With the 90th anniversary of the Bolshevik revolution only a few days ago, many in Russia look back on this major upheaval in the country's history, trying to reassess its controversial legacy.
Some view it as a man-made disaster that claimed millions of innocent lives and ended in a dictatorship. Others consider it to be a positive undertaking, an attempt to create a state driven by social justice.
The Levada Center, one of Russia's leading pollsters, has recently conducted a survey to find out more about how this historic event is perceived by the general public.
Some 31% of those interviewed credited the Bolshevik revolution with spearheading Russia's economic and social progress. As many as 26% of the respondents said it had helped Russia turn over a new leaf. About 16% argued that it had been a major impediment to the nation's development, while 15% described it as a national disaster. Around 12% gave the "don't know" answer.
The Levada Center's survey suggests that the majority of Russians regard the Bolshevik revolution as a progressive and positive event. Which is, perhaps, one of the reasons why the mummified body of Bolshevik leader Vladimir Lenin still lies in state in the Mausoleum. The post-Communist ruling elite are in no hurry to rebury the iconic revolutionary as they fear such a step will provoke a public outcry.
Monuments to Soviet dictator Joseph Stalin were knocked off their pedestals overnight in 1956, following Nikita Khrushchev's public condemnation of his predecessor's political repressions. Effigies of Lenin, by contrast, still remain in place in many cities and towns across the country. And the faithful continue to pay homage and lay flowers in an expression of an almost religious piety for their communist idol.
Students of Lenin's works will come across a lot of discrepancies and inconsistencies in his writings, as well as examples of downright cynicism, utter contempt for human life, and what we would now recognize as PR tricks. But the aggressive style of his polemics and his analytical reasoning possess a galvanizing power that is hard to resist.
Social upheavals often bring forth leaders with a special talent for rallying the masses behind them. Lenin galvanized crowds in 1917 as he jumped on a personnel carrier to speak about his vision for a communist revolution. And Soviet leader Boris Yeltsin, speaking to his audience from the top of a tank, set forth guidelines for a new, democratic Russia following the August 1991 putsch. Such historical parallels reveal a single pattern, making it easier for us to make sense of our past.
Both Lenin and Yeltsin started out their political careers from a low base, and it was their populist rhetoric, voiced at the right time and in the right place, that quickly propelled them to prominence.
Lenin's slogan "Land to Peasants" struck a cord with Russia's predominantly rural populace, bringing him an overwhelming victory over their hearts and minds.
Yeltsin called for democracy at a moment when the nation was ready to move away from totalitarianism to a freer society, and only lacked a leader to show the way.

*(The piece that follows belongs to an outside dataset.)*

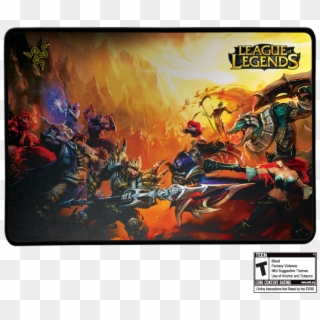 League Of Legends Collector's Edition Razer Goliathus - Pad League Of Legends Clipart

There has been a lot of debate lately over the extrajudicial character of the regime change initiated by the Bolsheviks, with some analysts arguing that the October event should be categorized as a coup. But I believe the term "revolution" is more appropriate, if only because its masterminds had a thought-out plan of action, as well as a clear vision for the country's post-revolutionary future.

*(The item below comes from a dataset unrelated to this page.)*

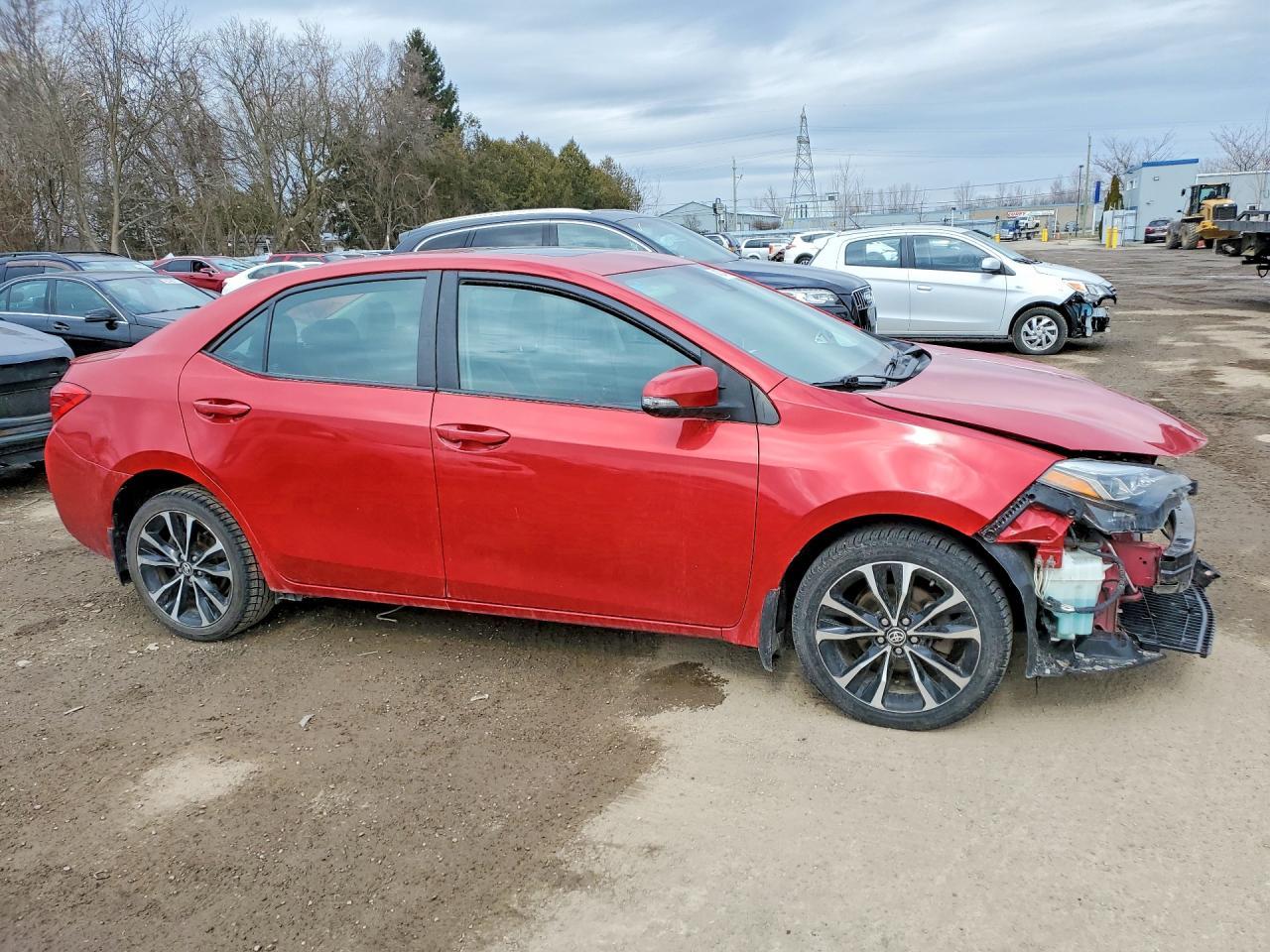 2018 TOYOTA COROLLA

More often than not, people staging regime change have no respect for the law, and many of them could even be classified as criminals. But in politics, everything depends on perspective.
Governed by the winner-takes-all principle, those who seize power will demonize leaders they have just deposed. So if the 1991 putsch to oust Mikhail Gorbachev had been a success, the hardliners who orchestrated that coup would have surely proclaimed themselves saviors of the nation while vilifying Yeltsin as a criminal.

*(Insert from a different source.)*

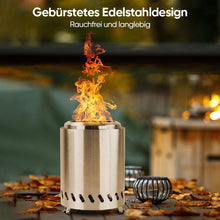 Laden Sie das Bild in den Galerie-Viewer, Tragbare rauchfreie Tischfeuerstelle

But whatever tricks politicians may use to conceal the true nature of things, their creeds and motives become apparent after a short while. Lenin was trying to build in Russia a communist utopia he ardently believed in. His successor Stalin had no communism-related illusions when he came to power, but he sought to create a powerful autocratic state through industrialization and the collectivization of farms.
The October "coup" was preceded by a peaceful revolution in February. It is probably true that if not for the bloody follow-up, the birth of the Russian republic would have been much less painful.
A lot of historical injustices can be blamed on the Bolsheviks, but their greatest crime was to slay all those who stood in the way.
The famous Russian poet Alexander Blok believed there was a profound mystical meaning behind the Bolshevik revolution. In his poem "The Twelve," the first poetic attempt to make sense of the event, he presented it as an act initiated by the twelve disciples of Jesus.
Russia plunged into revolutionary violence for the sake of a blissful future. And it went to Calvary, hoping its martyrdom would help the communist utopia materialize.
In hindsight, it looks like the October revolution was a curse rather than a blessing to the Russian nation.